» WHAT IS REQUIRED:
Every line from the first in the listing below to the line containing "Robot // Drone" is to be repeated exactly, and no line past it.
┌─ DATASET CONTENT
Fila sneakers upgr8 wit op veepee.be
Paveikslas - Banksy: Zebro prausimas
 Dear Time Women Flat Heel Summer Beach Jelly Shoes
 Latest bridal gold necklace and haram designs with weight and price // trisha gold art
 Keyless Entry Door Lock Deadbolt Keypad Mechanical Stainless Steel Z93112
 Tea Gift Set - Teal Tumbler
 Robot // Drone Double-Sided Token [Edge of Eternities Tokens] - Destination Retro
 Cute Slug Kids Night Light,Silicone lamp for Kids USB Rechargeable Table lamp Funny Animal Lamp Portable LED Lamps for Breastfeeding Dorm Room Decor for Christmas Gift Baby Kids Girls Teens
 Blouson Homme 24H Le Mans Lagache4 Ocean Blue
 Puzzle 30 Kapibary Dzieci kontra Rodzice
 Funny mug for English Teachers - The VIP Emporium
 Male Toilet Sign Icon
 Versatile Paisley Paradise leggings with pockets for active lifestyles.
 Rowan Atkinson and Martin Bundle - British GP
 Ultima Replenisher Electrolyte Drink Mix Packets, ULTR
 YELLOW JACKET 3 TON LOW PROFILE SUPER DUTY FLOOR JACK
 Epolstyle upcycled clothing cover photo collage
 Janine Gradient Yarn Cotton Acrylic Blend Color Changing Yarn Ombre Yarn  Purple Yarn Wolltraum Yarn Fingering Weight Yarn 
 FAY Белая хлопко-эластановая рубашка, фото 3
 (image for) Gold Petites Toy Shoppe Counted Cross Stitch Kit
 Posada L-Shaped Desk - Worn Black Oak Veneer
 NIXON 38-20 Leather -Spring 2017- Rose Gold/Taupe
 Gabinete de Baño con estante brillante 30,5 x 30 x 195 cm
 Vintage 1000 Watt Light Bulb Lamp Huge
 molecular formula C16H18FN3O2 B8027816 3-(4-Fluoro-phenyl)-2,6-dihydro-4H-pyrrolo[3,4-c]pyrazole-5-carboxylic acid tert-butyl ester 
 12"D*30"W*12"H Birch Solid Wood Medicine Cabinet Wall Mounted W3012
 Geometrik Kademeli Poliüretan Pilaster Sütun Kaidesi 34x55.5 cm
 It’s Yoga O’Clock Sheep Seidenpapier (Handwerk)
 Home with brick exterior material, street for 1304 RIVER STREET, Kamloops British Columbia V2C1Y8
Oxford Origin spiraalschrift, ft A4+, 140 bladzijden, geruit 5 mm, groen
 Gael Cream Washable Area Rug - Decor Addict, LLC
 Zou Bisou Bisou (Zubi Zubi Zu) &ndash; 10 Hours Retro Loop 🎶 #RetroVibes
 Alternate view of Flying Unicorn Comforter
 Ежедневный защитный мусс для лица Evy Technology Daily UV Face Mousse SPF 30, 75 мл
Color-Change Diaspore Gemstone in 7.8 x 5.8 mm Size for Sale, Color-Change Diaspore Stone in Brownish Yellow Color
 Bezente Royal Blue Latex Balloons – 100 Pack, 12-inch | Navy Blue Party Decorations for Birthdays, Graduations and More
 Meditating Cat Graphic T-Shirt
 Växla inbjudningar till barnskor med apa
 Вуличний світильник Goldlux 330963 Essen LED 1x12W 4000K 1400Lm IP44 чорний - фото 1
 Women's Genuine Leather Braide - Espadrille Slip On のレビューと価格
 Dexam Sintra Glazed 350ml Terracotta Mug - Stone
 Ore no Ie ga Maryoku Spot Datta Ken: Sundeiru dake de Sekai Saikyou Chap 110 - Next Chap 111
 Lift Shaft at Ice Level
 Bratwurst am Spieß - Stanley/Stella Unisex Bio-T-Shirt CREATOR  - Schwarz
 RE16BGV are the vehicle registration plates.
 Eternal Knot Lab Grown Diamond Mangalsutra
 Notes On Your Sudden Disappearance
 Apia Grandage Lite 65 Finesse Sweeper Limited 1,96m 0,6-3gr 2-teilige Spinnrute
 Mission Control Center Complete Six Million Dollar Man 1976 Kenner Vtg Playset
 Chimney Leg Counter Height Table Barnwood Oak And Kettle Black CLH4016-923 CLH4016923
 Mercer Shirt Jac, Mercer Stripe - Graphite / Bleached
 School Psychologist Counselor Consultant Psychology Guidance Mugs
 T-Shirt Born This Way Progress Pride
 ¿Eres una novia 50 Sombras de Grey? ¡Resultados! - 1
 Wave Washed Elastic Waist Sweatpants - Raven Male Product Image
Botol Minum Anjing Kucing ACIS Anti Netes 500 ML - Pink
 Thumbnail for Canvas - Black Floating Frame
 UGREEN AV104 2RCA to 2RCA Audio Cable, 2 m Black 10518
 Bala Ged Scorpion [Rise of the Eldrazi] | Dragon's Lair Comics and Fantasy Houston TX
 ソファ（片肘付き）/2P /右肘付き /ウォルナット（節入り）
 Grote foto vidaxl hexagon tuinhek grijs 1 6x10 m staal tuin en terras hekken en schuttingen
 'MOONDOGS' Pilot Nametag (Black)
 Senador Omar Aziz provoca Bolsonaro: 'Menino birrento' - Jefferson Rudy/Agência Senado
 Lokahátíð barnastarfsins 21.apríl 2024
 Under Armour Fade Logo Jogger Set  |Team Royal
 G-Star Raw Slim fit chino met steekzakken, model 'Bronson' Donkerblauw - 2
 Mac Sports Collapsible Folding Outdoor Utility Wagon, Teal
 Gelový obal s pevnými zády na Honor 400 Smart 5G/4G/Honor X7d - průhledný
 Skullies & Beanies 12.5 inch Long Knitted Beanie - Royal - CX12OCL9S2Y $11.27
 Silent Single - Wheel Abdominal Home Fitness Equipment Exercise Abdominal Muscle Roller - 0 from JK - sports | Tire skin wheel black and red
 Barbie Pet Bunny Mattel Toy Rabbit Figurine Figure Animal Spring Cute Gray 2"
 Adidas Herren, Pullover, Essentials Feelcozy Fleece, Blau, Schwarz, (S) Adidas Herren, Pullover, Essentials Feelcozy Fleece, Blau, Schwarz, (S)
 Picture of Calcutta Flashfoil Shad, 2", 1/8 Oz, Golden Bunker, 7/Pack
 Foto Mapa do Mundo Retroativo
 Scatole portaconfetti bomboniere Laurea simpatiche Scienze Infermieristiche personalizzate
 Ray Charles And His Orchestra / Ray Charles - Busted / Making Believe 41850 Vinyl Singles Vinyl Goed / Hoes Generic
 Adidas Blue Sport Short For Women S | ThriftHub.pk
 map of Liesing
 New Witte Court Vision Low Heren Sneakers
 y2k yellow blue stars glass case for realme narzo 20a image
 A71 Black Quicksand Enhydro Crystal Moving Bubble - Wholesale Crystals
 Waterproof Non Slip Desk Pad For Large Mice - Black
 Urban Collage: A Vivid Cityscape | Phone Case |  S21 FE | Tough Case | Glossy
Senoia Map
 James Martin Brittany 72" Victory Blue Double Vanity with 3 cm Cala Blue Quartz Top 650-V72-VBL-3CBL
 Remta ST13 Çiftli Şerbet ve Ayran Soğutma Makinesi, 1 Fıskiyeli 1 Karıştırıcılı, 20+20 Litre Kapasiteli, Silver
└─
» ANSWER BOX:
Fila sneakers upgr8 wit op veepee.be
Paveikslas - Banksy: Zebro prausimas
 Dear Time Women Flat Heel Summer Beach Jelly Shoes
 Latest bridal gold necklace and haram designs with weight and price // trisha gold art
 Keyless Entry Door Lock Deadbolt Keypad Mechanical Stainless Steel Z93112
 Tea Gift Set - Teal Tumbler
 Robot // Drone Double-Sided Token [Edge of Eternities Tokens] - Destination Retro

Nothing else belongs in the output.